Plusieurs de ces facteurs de risque de jeu pathologique sont pourtant bien connus : jouer au loto et au rapido ne comporte pas le même risque ! Le risque augmente par exemple pour les jeux avec un délai court entre la mise et le gain, les jeux avec une fréquence d’événement élevée (par exemple : jeux avec tirages toutes les cinq minutes plutôt que toutes les semaine), les jeux accessibles 24 heures sur 24 (en ligne plutôt que hors ligne), ou les jeux permettant de parier pendant l’évènement (comme parier à la mi-temps d’un match de foot).

Ces facteurs restent largement méconnus en population générale et contribuent à une mauvaise connaissance des différences en termes de risques addictifs selon les types de jeux. Une meilleure connaissance des caractéristiques structurelles des jeux de hasard permettrait pourtant de développer des actions de prévention efficaces en population générale et auprès des joueurs à risque.

C’est tout l’intérêt de l’étude PictoGRRed, portée par Amandine Luquiens et réalisée en collaboration avec des experts internationaux et nationaux (Réseau National pour la Prévention et le Soin du Jeu Pathologique). Par analogie avec les pictogrammes PEGI qui permettent de mieux appréhender les caractéristiques des jeux vidéo, ce travail avait pour objectif de développer des pictogrammes permettant une meilleure connaissance des caractéristiques addictives des jeux d’argent et hasard. Ce travail a également pu tester l’impact de la connaissance de ces pictogrammes sur l’évaluation du risque addictif de différents jeux.

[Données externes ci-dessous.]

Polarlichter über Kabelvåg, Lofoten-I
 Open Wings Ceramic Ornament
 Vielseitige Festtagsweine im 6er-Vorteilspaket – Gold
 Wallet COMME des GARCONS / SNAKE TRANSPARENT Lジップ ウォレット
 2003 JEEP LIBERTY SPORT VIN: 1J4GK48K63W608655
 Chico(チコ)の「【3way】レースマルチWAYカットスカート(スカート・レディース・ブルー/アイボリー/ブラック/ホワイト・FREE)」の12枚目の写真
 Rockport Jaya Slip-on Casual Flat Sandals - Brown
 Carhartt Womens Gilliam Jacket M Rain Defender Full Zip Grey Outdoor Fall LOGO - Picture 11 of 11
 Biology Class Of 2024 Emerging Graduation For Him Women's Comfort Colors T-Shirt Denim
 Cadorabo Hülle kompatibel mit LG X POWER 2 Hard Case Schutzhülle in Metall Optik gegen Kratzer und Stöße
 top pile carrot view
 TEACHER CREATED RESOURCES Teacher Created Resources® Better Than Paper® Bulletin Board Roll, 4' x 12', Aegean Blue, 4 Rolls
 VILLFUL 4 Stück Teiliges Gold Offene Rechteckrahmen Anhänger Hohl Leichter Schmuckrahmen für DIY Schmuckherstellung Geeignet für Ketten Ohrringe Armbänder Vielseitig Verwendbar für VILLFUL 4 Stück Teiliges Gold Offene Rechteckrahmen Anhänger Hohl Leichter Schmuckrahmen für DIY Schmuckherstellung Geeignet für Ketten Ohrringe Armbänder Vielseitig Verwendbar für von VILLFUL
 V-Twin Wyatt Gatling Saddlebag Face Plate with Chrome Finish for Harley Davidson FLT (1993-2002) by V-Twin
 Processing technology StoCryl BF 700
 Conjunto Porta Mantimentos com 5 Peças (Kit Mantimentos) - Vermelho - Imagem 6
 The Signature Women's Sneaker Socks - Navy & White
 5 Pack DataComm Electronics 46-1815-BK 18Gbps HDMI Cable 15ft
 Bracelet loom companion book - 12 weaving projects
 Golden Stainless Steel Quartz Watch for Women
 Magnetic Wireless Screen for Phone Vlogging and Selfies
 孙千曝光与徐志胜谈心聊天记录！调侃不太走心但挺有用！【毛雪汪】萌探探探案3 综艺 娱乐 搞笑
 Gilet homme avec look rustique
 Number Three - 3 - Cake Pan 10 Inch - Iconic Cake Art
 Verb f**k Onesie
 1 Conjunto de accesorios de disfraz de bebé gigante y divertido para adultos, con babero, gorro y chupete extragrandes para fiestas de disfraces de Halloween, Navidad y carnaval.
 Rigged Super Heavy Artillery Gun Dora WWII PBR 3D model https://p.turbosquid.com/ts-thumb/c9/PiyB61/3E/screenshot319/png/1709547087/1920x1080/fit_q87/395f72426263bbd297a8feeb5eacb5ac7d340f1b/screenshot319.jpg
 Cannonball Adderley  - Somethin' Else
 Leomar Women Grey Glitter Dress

Cette étude a été réalisée en trois étapes :

  • Évaluation des principales caractéristiques addictives des jeux d’argent et de hasard en se basant sur un consensus auprès de 56 experts de 13 pays (méthode Delphi par consensus). Ceci a permis d’identifier 10 caractéristiques augmentant le risque d’addiction aux jeux d’argent et de hasard :
    • Les événements à haute fréquence.
    • Rapidité du jeu (ne permettant pas de réfléchir avant de prendre une décision).
    • Possibilité d’actions en cours de jeu pour avoir l’illusion d’un contrôle sur l’issue du jeu.
    • Mise en cours de jeu.
    • Délai court entre la mise et le gain.
    • Pertes déguisées en gain (par exemple miser 3 euro et gagner 1 euros, on a l’impression d’avoir gagné au final).
    • Quasi-gains (avoir presque la combinaison gagnante, par exemple deux 7 alignés et un troisième un peu au-dessus de cette ligne).
    • Messages diffusés pendant le jeu suggérant un contrôle du hasard.
    • Accès illimité (par exemple accès 24 heures sur 24, pratique en ligne).
    • Messages faisant la promotion de la facilité à jouer (par exemple première mise gratuite qui va faciliter l’initiation d’une première mise et donc augmenter le risque d’une escalade d’engagement).
  • Création par un collègue graphiste et expert en addictologie de 10 pictogrammes correspondant.
  • Étude en population générale de l’impact de l’exposition à ce pictogramme sur la bonne compréhension des propriétés addictives des jeux (casino en ligne ou hors ligne, paris sportifs en ligne ou hors ligne, jeux de tirage en ligne ou hors ligne, paris hippiques en ligne ou hors ligne…). Pour cela, 3 groupes ont été constitués : 300 personnes ont été exposées à ces pictogrammes, 300 au slogan classique « Jouer comporte des risques : endettement, isolement, dépendance » et 300 à aucun de ces pictogrammes ou slogan.

Le résultat principal de ce travail est que la connaissance de ces pictogrammes double les chances de bien identifier le risque addictif du jeu en question, et que l’utilisation du slogan n’est pas plus efficace que le groupe sans aucune intervention (groupe contrôle). De manière intéressante, ce groupe « contrôle » évaluait tous les jeux de manière uniforme comme ayant le même risque addictif, alors que ceux ayant eu accès aux pictogrammes avaient une vision beaucoup plus différenciée et graduelle du risque addictif et donc une vision plus proche de la réalité.

Les perspectives de recherche ultérieures consisteront à tester l’efficacité de ces pictogrammes dans le cadre de programmes de prévention plus larges, et à continuer le développement d’outils permettant une meilleure diffusion en population générale du risque addictif des jeux selon la manière avec laquelle ces jeux sont conçus.